=== Section Start ===
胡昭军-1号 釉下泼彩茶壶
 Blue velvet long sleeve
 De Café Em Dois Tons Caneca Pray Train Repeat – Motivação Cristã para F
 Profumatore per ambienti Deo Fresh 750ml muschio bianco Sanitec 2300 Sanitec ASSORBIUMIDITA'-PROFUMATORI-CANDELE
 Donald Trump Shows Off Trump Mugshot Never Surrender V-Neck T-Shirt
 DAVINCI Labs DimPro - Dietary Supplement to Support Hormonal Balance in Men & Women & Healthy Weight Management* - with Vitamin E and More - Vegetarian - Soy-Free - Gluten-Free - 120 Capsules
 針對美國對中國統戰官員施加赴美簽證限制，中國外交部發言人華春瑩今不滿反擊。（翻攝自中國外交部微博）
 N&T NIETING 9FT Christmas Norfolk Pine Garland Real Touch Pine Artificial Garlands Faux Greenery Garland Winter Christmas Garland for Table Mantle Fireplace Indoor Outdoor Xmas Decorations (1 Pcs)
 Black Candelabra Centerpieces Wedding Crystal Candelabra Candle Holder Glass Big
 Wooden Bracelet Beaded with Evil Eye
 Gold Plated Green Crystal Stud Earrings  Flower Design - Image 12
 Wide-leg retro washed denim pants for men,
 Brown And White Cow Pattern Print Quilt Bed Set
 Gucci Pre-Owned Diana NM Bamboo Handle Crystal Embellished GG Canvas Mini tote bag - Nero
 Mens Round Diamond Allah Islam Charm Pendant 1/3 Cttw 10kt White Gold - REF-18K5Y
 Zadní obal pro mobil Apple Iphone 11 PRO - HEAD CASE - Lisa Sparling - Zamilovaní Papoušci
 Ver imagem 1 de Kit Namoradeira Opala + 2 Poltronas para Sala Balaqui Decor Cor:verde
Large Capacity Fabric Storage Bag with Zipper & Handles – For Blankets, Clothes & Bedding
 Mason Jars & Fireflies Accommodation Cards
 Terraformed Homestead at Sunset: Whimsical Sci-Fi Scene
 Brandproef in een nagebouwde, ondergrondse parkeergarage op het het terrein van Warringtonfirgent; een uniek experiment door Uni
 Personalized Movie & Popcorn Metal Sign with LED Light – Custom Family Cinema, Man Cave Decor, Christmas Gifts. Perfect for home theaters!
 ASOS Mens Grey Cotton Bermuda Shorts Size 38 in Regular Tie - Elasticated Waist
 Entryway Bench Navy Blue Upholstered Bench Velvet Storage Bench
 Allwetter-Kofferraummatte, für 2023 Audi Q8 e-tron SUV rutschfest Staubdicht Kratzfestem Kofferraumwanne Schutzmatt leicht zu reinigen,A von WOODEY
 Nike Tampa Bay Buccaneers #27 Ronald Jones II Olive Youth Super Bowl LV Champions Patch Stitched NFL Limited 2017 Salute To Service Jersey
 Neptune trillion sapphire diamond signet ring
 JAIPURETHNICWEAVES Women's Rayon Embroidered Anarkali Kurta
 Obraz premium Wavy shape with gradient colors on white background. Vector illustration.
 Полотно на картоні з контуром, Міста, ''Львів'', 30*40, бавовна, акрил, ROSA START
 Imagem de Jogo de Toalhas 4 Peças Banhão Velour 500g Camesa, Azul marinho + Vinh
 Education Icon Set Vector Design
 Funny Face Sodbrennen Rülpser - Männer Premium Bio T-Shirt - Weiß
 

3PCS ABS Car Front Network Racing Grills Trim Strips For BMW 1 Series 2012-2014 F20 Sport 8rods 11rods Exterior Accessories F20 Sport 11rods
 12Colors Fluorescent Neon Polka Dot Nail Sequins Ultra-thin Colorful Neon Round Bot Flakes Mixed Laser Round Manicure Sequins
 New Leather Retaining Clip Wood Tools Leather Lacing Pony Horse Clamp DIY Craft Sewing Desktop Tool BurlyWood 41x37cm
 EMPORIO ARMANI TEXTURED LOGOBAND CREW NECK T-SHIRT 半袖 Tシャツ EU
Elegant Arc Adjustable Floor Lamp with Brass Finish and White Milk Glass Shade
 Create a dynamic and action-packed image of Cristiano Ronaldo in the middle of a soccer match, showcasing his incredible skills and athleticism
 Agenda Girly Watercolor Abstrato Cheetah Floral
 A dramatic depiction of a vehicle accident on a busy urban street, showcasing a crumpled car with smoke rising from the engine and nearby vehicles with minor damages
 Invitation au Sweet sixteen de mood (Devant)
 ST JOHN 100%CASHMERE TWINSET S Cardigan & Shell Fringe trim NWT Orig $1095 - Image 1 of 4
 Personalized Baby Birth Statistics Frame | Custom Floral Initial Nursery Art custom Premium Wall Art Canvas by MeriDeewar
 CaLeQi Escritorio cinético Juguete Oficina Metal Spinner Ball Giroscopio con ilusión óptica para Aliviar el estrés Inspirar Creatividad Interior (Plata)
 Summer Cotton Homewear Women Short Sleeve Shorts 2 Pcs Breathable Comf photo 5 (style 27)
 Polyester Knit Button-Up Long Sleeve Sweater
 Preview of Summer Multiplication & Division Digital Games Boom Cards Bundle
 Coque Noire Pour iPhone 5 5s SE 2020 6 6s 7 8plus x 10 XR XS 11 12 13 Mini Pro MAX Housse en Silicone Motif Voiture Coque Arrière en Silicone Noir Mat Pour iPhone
=== Section End ===
= AIM OF THE EXERCISE =
Copy out, word for word, the part of the entries above that begins at the line with "Полотно на картоні" and ends at the line with "Funny Face Sodbrennen", including both.

= RESPONSE TO THIS EXERCISE =
 Полотно на картоні з контуром, Міста, ''Львів'', 30*40, бавовна, акрил, ROSA START
 Imagem de Jogo de Toalhas 4 Peças Banhão Velour 500g Camesa, Azul marinho + Vinh
 Education Icon Set Vector Design
 Funny Face Sodbrennen Rülpser - Männer Premium Bio T-Shirt - Weiß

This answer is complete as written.